**Exercise objective**
Please count the lines in the data below that hold the word "decor", and give only the number.

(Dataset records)
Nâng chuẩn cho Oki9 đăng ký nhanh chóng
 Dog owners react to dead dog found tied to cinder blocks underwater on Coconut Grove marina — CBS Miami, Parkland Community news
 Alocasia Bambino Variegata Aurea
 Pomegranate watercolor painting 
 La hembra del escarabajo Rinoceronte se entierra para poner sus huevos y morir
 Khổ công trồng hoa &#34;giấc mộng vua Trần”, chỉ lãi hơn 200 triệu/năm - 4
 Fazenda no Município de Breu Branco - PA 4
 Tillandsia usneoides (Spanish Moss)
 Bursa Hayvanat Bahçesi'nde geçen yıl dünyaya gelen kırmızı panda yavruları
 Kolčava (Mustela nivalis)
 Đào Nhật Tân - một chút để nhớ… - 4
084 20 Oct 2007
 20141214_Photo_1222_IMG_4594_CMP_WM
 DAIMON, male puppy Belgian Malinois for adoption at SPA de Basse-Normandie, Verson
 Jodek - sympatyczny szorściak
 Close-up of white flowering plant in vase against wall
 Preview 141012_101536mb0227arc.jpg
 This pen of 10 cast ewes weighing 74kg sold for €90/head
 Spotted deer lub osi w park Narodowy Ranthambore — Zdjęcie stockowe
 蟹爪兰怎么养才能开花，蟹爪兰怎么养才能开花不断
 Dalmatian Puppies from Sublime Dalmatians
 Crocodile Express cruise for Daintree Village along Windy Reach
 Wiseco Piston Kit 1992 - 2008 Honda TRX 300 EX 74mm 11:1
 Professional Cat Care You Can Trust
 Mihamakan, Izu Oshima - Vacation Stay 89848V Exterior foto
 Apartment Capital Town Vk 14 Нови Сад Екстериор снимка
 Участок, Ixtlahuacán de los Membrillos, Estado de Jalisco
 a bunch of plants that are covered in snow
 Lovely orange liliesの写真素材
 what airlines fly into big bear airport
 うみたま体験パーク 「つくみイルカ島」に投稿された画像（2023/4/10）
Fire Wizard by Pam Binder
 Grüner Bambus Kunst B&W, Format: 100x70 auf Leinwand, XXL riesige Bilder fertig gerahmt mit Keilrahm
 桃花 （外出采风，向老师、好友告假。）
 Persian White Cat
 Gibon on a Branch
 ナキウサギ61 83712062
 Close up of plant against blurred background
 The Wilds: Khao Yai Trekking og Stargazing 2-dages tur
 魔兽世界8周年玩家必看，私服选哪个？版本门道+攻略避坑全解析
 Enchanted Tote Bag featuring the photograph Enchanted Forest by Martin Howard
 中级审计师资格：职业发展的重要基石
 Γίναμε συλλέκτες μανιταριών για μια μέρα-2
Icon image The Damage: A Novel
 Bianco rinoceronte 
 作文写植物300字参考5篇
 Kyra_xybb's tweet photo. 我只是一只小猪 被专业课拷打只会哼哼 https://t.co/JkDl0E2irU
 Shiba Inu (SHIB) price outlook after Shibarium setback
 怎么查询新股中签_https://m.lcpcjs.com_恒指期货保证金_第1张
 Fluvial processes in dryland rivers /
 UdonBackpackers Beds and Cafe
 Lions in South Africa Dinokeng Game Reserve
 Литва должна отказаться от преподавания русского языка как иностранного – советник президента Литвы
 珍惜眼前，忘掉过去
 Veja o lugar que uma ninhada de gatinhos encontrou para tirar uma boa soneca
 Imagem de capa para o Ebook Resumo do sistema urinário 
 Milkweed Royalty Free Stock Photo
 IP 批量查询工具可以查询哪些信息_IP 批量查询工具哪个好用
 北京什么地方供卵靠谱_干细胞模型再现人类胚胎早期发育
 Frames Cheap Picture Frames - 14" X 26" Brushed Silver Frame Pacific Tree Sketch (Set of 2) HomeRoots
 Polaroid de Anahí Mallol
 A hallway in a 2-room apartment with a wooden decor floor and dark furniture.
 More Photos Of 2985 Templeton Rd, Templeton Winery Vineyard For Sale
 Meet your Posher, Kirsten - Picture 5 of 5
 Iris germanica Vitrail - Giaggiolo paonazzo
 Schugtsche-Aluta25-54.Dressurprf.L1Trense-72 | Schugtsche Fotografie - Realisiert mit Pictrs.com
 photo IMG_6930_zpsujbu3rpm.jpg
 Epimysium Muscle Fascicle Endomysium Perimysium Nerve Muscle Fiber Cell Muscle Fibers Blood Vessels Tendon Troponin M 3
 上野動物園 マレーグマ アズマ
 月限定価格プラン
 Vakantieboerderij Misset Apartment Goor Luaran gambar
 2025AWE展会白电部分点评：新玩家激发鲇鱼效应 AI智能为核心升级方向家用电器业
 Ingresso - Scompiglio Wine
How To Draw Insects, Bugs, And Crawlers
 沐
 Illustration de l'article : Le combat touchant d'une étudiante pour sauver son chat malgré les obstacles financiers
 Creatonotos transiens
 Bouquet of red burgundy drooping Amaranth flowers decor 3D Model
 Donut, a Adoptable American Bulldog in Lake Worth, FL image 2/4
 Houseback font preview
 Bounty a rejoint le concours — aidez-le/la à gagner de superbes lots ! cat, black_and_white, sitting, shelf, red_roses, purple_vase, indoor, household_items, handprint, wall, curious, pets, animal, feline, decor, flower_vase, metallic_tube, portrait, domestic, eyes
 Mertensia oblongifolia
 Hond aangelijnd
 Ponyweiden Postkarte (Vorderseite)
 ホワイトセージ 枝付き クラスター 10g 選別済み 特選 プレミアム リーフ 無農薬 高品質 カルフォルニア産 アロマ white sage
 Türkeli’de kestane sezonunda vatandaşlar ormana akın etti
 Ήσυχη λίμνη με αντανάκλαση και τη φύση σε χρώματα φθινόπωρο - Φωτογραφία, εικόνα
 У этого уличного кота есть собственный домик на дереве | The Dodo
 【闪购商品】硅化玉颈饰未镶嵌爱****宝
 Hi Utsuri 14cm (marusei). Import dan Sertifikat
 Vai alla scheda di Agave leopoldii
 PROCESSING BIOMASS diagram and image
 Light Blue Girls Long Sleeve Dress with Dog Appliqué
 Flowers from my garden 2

**Answer below**
3